** Opening Input data block **
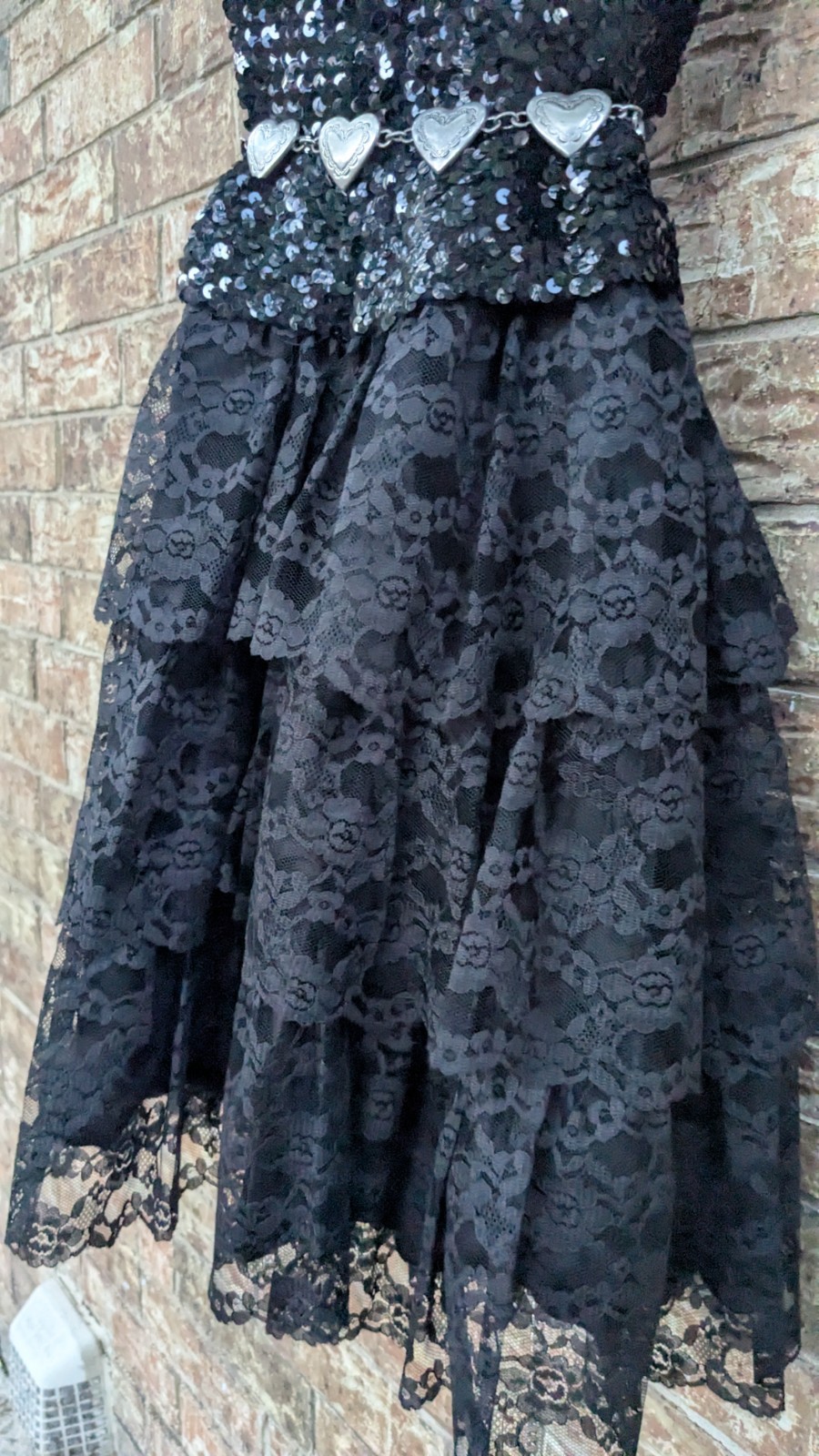 Vintage Flirtations 80s One Size S/M Sequin+Layered Lace Cocktail Party Dress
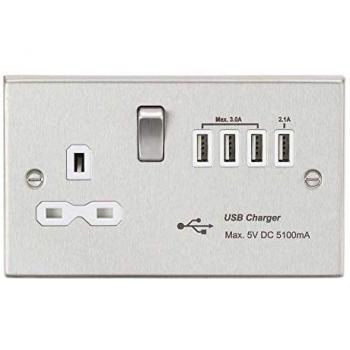 Knightsbridge 13A Socket with Quad USB Charger (5.1A)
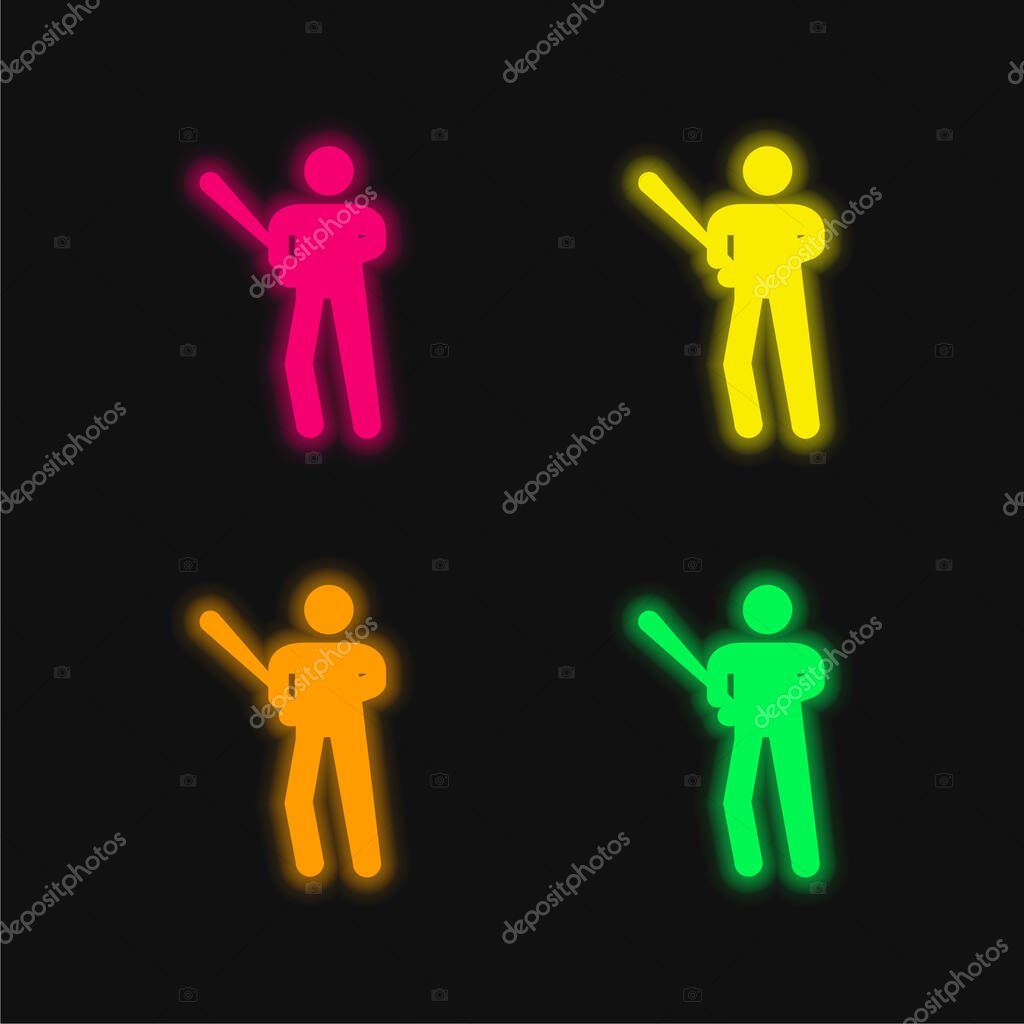 Baseball Player four color glowing neon vector icon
** Closing Input data block **
» Work to complete:
Without copying any picture, repeat the full listing above word for word.

» Answer space:
 Vintage Flirtations 80s One Size S/M Sequin+Layered Lace Cocktail Party Dress
 Knightsbridge 13A Socket with Quad USB Charger (5.1A)
 Baseball Player four color glowing neon vector icon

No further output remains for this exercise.